I know that at times in my past I have been obsessive over my weight. For years I have weighed myself daily so I do understand what this person's mentality is. So after reading the comments I knew that I am disconnected from the scale. I focus on how my clothes fit and how I am feeling day in and day out. Actually when I stopped to really think about it my personal scale in my room has been out of battery's for over a year maybe more. Every once and awhile I go turn on my brother's wii fit and weigh myself. It keeps a record which I like to look over and see where I am at. But I wonder can I be too disconnected from the scale? I have maintained a weight around 270 for two years now and I don't want to start gaining again. I decided it was time.
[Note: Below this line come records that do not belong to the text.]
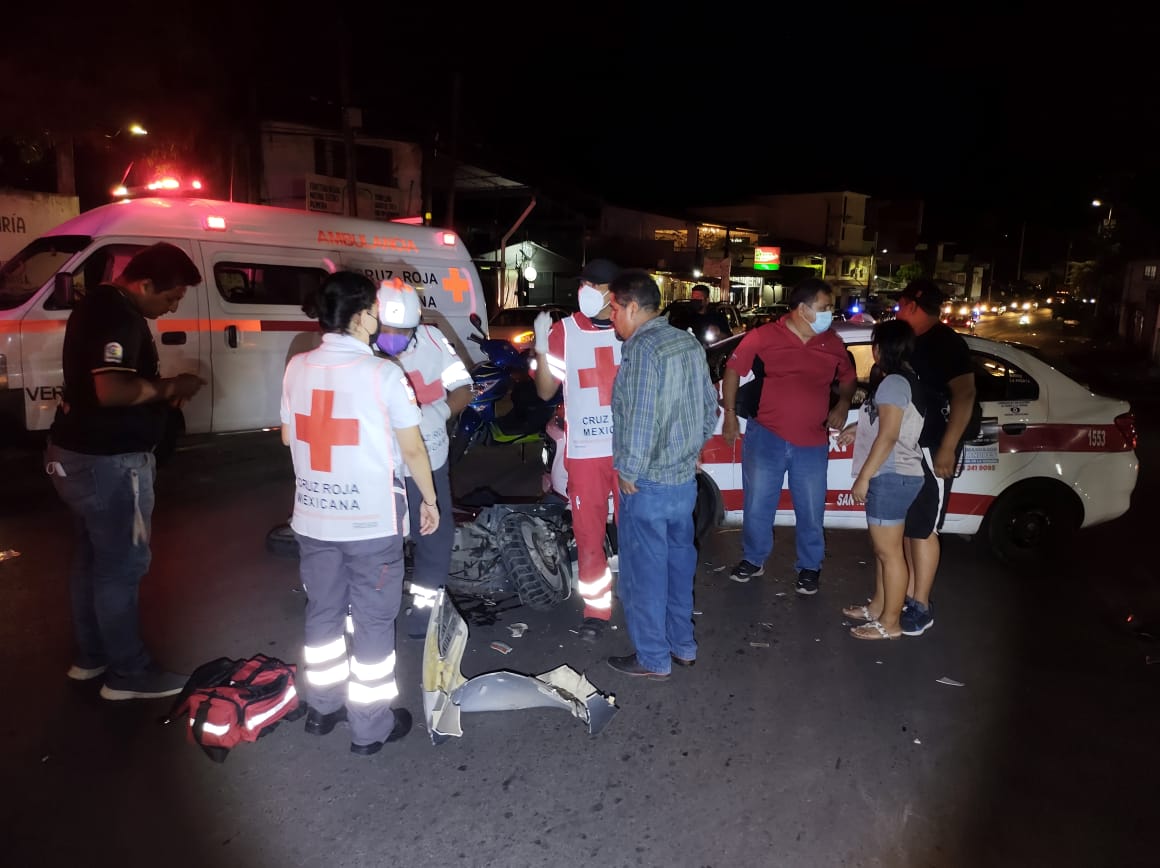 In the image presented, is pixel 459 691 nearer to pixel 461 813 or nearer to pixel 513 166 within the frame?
pixel 461 813

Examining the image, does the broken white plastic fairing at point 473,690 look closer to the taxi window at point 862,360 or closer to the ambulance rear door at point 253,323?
the taxi window at point 862,360

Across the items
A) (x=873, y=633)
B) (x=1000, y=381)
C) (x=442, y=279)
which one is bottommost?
(x=873, y=633)

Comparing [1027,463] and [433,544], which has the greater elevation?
[1027,463]

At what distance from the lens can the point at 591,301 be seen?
4.06 meters

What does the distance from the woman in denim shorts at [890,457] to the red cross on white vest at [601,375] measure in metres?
1.39

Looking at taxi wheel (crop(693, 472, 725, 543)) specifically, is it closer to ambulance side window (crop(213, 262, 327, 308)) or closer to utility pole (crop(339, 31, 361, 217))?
ambulance side window (crop(213, 262, 327, 308))

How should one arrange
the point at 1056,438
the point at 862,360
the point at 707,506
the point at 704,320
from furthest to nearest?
the point at 704,320
the point at 862,360
the point at 707,506
the point at 1056,438

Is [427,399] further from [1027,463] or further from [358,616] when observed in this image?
[1027,463]

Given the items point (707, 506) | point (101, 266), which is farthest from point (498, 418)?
point (101, 266)

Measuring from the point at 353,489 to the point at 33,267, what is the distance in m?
6.57

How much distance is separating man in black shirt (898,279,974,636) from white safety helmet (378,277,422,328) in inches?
109

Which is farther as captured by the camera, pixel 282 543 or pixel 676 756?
pixel 282 543

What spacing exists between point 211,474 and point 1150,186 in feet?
98.3

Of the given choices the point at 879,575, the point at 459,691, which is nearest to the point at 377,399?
the point at 459,691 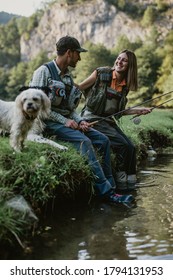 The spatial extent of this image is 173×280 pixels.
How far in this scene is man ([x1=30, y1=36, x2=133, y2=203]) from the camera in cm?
642

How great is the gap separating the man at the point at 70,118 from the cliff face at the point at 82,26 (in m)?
113

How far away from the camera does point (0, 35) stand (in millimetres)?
159375

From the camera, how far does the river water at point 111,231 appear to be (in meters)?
4.34

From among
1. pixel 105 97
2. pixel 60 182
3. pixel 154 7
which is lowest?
pixel 60 182

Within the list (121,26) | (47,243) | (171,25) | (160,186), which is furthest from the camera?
(121,26)

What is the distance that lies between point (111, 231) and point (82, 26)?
436ft

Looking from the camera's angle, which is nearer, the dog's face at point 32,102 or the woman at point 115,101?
the dog's face at point 32,102

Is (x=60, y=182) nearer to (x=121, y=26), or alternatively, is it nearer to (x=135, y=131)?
(x=135, y=131)

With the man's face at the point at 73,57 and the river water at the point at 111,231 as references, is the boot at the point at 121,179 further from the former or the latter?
the man's face at the point at 73,57

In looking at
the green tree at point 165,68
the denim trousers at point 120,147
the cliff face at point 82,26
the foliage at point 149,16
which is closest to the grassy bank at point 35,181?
the denim trousers at point 120,147

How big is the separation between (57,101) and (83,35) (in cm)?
12962

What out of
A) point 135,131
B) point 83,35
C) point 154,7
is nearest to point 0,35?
point 83,35

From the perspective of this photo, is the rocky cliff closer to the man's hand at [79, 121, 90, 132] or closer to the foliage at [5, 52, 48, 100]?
the foliage at [5, 52, 48, 100]

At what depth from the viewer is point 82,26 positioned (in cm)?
13150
Time to buy a new scale.
I went online and did research looking at consumer reports and review after review. I decided on an Eat Smart Precision Digital Bathroom Scale. Although I could not find it being sold in a local store it had amazing reviews on Amazon. In fact a few of the people who didn't like how it turned on then reported that Eat Smart sent them their updated model that doesn't have that issue and now the customer was happy. It was $30 and I got free shipping (I didn't care how long it took to get to me.) And it arrived today.
I took it out, put in four AAA and stepped on. I was nervous as I am currently feeling a little snug in my fat pants plus I haven't weighed myself in forever. But it wasn't too bad at 277.2. Plus now I can take cool pictures like this to post on here.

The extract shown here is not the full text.